Restoring Exchange Clusters


The disaster recovery processes for restoring Exchange clusters are similar to the processes for restoring data on stand-alone Exchange servers. However, before you start to perform recovery processes on your clusters, it is helpful to understand how Exchange cluster resources can continue to remain online, even if one of the nodes experiences a failure.

If one of the nodes in a cluster fails (known as a failover event), the Cluster service takes control of the cluster. Following the failover, one of the possible owner nodes for the resource group tries to take control of that group. If all the resources can come online for the new node, that node continues to perform the tasks that were previously performed by the damaged node. If the resources cannot come online for the new node, that node will fail over to the next node. This process continues until all possible owner nodes for that group cannot come online.

Similarly, if one of the resources in an Exchange Virtual Server (EVS) fails, the EVS goes offline. A possible owner node tries to start all the resources for that EVS. If the resources cannot come online for the new node, that new node fails over to the next possible owner node. If all nodes cannot bring the EVS resources online, the resources on that virtual server will be unavailable to Exchange clients until the problem is resolved.

An important difference in disaster recovery processes for Exchange clusters is the task of identifying what caused a particular resource to fail.

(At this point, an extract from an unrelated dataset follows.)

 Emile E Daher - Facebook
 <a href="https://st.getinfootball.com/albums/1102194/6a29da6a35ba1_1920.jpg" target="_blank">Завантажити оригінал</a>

If a problem occurs, first determine whether the failure is on a single node (which indicates that there are problems with the node's files) or on every node (which indicates that there are problems with the cluster's objects or the shared cluster resources). To determine the cause of the failure, search the event logs in Event Viewer. You can also search for solutions in the Microsoft Knowledge Base.

If you still cannot determine the cause of the failure, you can perform the repair options listed in "Repairing Windows Server 2003" or "Repairing Exchange Server 2003." If you cannot repair the node or the whole cluster, consider replacing the node or recovering the node, cluster, or resources (such as the quorum disk resource or mailbox and public folder stores).

This section provides the following procedural information about restoring Exchange clusters:

  • Replacing damaged Exchange cluster nodes.

  • Restoring or rebuilding a cluster node from backups.

  • Restoring shared disk resources.

  • Recovering a whole Exchange cluster.